**WHAT THE EXERCISE ASKS**
Each line from the one containing "Snapshot of jolly_doll_" to the end of the records should be copied exactly, and no other line.

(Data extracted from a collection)

:::

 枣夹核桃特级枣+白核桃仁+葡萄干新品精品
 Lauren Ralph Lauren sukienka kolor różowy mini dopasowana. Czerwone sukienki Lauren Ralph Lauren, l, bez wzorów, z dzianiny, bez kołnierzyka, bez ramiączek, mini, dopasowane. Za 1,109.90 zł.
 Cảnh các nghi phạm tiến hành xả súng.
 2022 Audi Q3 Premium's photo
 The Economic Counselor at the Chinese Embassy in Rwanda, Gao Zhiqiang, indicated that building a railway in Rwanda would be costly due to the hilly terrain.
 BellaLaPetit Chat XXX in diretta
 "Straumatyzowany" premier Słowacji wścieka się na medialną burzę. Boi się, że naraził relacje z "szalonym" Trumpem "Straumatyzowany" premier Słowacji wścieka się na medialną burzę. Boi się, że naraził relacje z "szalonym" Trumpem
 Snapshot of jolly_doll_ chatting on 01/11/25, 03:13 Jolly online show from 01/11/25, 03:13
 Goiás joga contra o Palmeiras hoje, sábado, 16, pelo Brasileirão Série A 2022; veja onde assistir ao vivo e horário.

:::

**WRITTEN RESPONSE**
 Snapshot of jolly_doll_ chatting on 01/11/25, 03:13 Jolly online show from 01/11/25, 03:13
 Goiás joga contra o Palmeiras hoje, sábado, 16, pelo Brasileirão Série A 2022; veja onde assistir ao vivo e horário.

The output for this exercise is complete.